Lessons from the field – avoiding another “CrowdStrike”

“If builders built buildings the way programmers wrote programs, then the first woodpecker that came along would destroy civilization.”
– Gerald Weinberg, Software Engineering guru, and Psychologist

Weinberg was a legend. When he said this, he did not mean that programmers are incompetent and software is junk. What he meant was, that it is possible to build better software. I came across this quote many years ago and it has stuck with me.

Those who had never heard of CrowdStrike before now also know it. Talk about being infamous! It is easy to blame CrowdStrike for the biggest global IT outage on the 19th of July 2024. In my view, the responsibility (almost) entirely sits with the businesses that suffered.
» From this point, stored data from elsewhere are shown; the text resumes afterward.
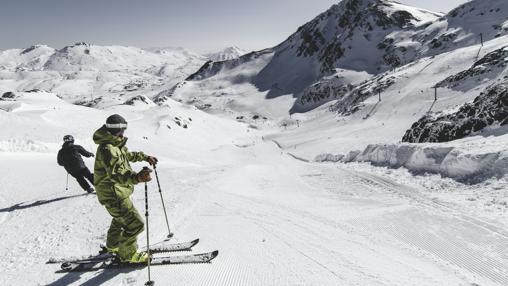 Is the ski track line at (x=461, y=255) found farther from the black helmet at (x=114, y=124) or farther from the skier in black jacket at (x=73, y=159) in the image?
the skier in black jacket at (x=73, y=159)

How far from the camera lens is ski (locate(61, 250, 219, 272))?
6207 mm

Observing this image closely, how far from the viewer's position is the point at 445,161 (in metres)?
13.2

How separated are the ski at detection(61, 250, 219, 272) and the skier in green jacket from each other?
0.13 metres

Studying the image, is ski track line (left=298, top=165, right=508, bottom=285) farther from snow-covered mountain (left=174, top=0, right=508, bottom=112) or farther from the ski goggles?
snow-covered mountain (left=174, top=0, right=508, bottom=112)

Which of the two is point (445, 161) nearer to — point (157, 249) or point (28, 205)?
point (157, 249)

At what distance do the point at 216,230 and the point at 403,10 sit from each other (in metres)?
201

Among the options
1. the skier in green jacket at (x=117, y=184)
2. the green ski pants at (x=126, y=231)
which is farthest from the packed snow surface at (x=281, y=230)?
the skier in green jacket at (x=117, y=184)

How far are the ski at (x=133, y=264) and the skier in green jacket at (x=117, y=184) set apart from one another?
0.13 meters

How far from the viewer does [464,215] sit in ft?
29.9

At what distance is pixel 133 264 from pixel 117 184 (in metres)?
1.42

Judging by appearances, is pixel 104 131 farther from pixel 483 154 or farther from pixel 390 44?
pixel 390 44

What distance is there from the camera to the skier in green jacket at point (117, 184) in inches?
226

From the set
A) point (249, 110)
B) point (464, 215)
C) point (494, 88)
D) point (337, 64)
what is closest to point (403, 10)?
point (337, 64)

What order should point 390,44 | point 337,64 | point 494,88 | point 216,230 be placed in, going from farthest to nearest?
point 337,64 → point 390,44 → point 494,88 → point 216,230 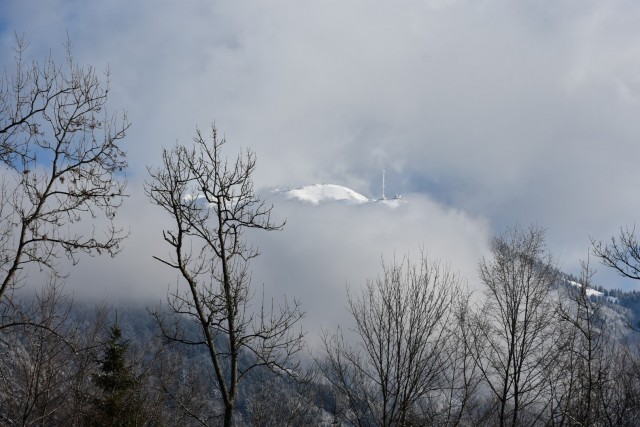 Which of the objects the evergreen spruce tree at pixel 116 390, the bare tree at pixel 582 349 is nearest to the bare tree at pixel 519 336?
the bare tree at pixel 582 349

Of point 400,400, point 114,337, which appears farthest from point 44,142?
point 114,337

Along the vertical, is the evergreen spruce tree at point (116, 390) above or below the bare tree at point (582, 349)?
below

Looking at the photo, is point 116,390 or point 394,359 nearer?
point 394,359

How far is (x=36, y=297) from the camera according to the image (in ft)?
53.0

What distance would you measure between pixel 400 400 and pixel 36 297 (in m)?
11.1

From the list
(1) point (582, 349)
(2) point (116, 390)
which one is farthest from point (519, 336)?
(2) point (116, 390)

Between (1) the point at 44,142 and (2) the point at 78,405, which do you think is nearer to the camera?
(1) the point at 44,142

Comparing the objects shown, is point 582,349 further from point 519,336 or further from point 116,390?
point 116,390

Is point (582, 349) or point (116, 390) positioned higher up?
point (582, 349)

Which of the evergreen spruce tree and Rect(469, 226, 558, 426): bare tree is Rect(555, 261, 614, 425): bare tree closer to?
Rect(469, 226, 558, 426): bare tree

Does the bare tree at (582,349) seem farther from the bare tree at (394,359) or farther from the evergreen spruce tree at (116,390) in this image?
the evergreen spruce tree at (116,390)

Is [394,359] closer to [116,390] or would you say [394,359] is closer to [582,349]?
[582,349]

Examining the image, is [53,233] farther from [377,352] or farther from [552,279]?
[552,279]

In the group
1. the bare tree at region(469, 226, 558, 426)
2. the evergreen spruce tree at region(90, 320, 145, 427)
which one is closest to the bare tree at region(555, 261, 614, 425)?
the bare tree at region(469, 226, 558, 426) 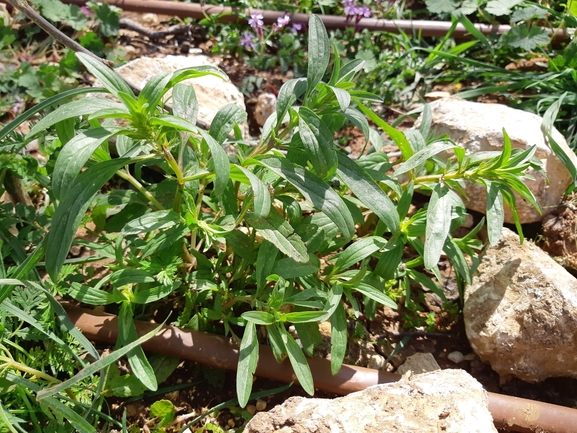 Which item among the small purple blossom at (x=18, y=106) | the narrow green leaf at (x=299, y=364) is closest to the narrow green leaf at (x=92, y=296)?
the narrow green leaf at (x=299, y=364)

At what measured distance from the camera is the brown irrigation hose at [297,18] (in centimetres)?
331

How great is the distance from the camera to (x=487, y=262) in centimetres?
229

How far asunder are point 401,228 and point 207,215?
0.67 meters

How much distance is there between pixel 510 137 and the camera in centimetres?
244

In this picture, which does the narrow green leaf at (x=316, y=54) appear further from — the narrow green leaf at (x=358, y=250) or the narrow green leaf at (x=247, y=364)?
the narrow green leaf at (x=247, y=364)

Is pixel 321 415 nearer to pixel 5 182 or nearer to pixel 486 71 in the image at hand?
pixel 5 182

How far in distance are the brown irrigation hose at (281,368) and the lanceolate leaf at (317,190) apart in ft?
1.92

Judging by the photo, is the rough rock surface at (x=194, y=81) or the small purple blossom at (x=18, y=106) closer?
the rough rock surface at (x=194, y=81)

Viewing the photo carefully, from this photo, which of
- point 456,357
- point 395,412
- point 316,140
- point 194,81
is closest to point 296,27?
point 194,81

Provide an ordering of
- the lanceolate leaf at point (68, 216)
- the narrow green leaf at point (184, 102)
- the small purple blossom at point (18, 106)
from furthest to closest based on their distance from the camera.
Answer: the small purple blossom at point (18, 106), the narrow green leaf at point (184, 102), the lanceolate leaf at point (68, 216)

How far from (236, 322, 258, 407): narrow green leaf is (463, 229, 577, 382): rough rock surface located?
35.1 inches

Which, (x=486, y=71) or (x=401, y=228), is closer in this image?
(x=401, y=228)

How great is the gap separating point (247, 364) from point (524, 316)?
1.03 m

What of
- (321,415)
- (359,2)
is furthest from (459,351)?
(359,2) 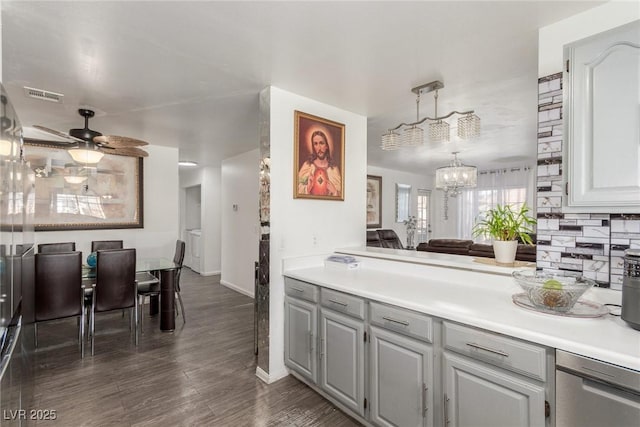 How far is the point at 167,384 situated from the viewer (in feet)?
8.13

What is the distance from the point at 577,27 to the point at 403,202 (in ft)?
21.4

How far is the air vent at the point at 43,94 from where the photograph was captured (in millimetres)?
2549

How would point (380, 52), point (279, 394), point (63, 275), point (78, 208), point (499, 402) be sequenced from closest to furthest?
point (499, 402)
point (380, 52)
point (279, 394)
point (63, 275)
point (78, 208)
Why? They failed to prepare. CrowdStrike’s success rate in deploying these updates over a year would be in four or five 9s. These businesses were expecting it to be 100%. They never planned for failures that could impact their businesses. The same businesses could be struck again, by something else. Their BCP exercise is likely to be non-existent, or a tick in the box, or does not cover real life scenarios. Some are multi-billion-dollar businesses, and some not even few million-dollars’ worth. At least they got a huge wake-up call. Those who weren’t using CrowdStrike may be thinking they dodged a bullet. ‘til something else strikes.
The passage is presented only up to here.